- _TASK ITEM_
The listing below should be written out word for word, with its pictures removed.

[DATA EXTRACT Boundary: Start]

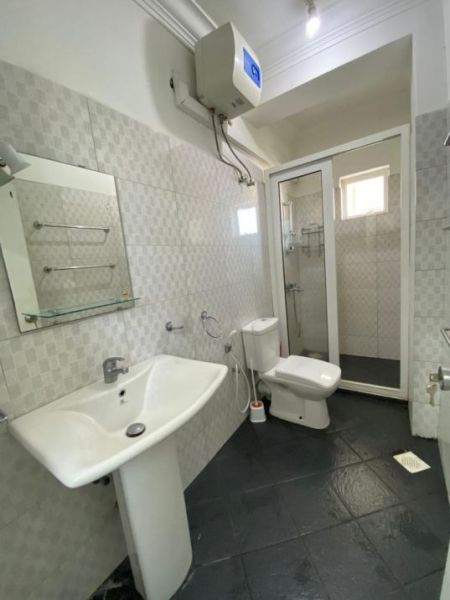 Bathroom - Colombo 05 Furnished 3-Bedroom Short-Term Apartment. (Property Code: CSMP601)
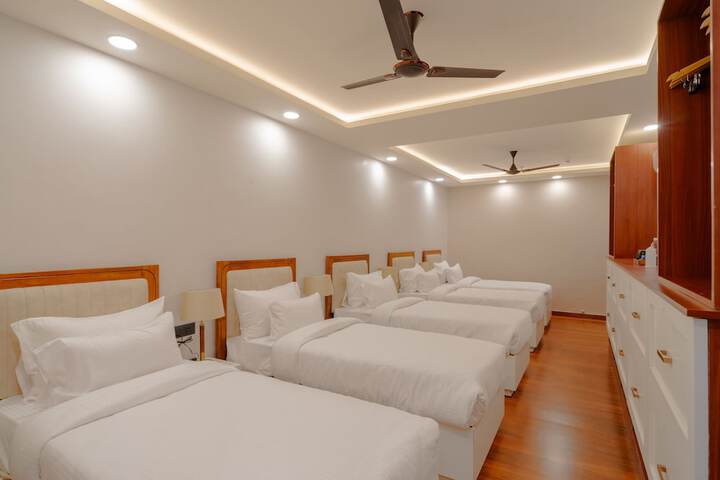 Room 18 of 35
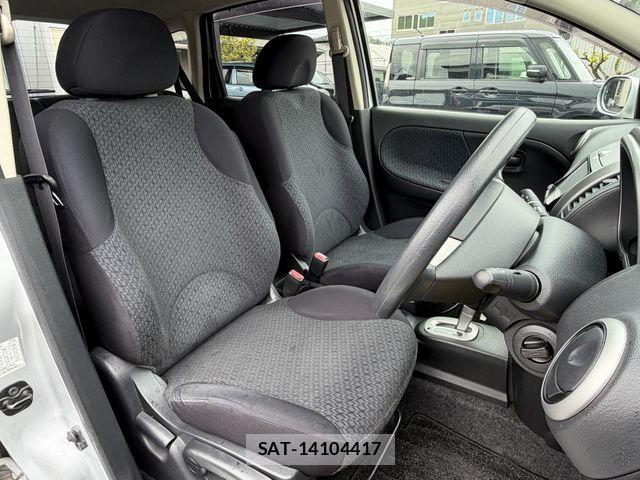 Nissan NOTE 2011-06 7393368-11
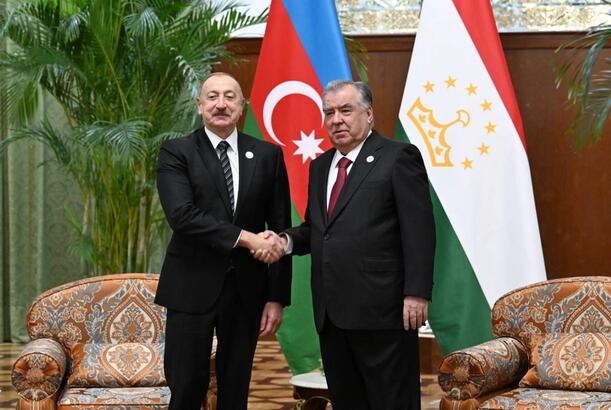 Emoməli Rəhmon Azərbaycan liderini təbrik edib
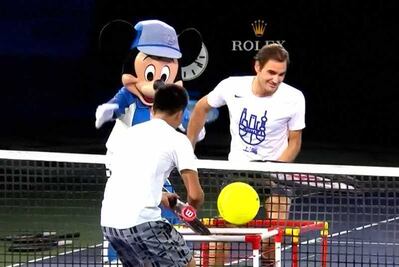 Federer juega con Mickey Mouse en Shanghái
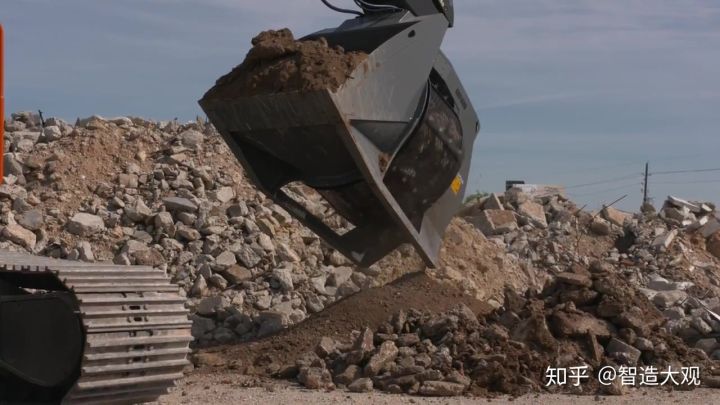 旋轉(zhuǎn)篩分斗，挖機(jī)帶的移動(dòng)篩沙機(jī)，工作現(xiàn)場實(shí)拍~(圖3)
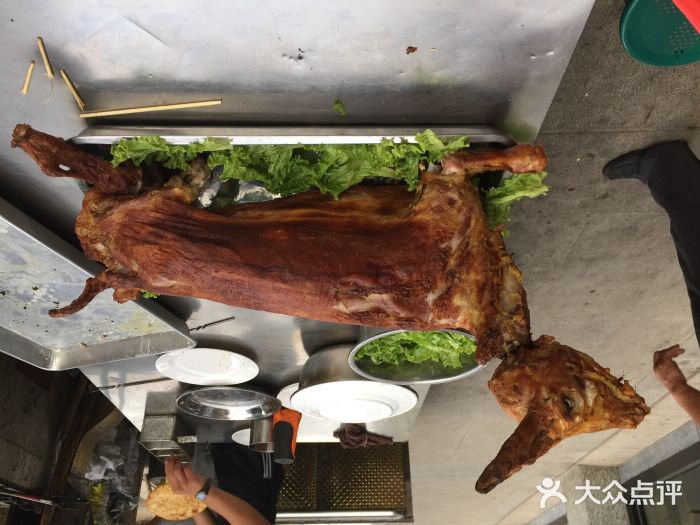 艾丁湖烤全羊艾丁湖 烤全羊图片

[DATA EXTRACT Boundary: End]

- _SOLUTION_
 Bathroom - Colombo 05 Furnished 3-Bedroom Short-Term Apartment. (Property Code: CSMP601)
 Room 18 of 35
 Nissan NOTE 2011-06 7393368-11
 Emoməli Rəhmon Azərbaycan liderini təbrik edib
 Federer juega con Mickey Mouse en Shanghái
 旋轉(zhuǎn)篩分斗，挖機(jī)帶的移動(dòng)篩沙機(jī)，工作現(xiàn)場實(shí)拍~(圖3)
 艾丁湖烤全羊艾丁湖 烤全羊图片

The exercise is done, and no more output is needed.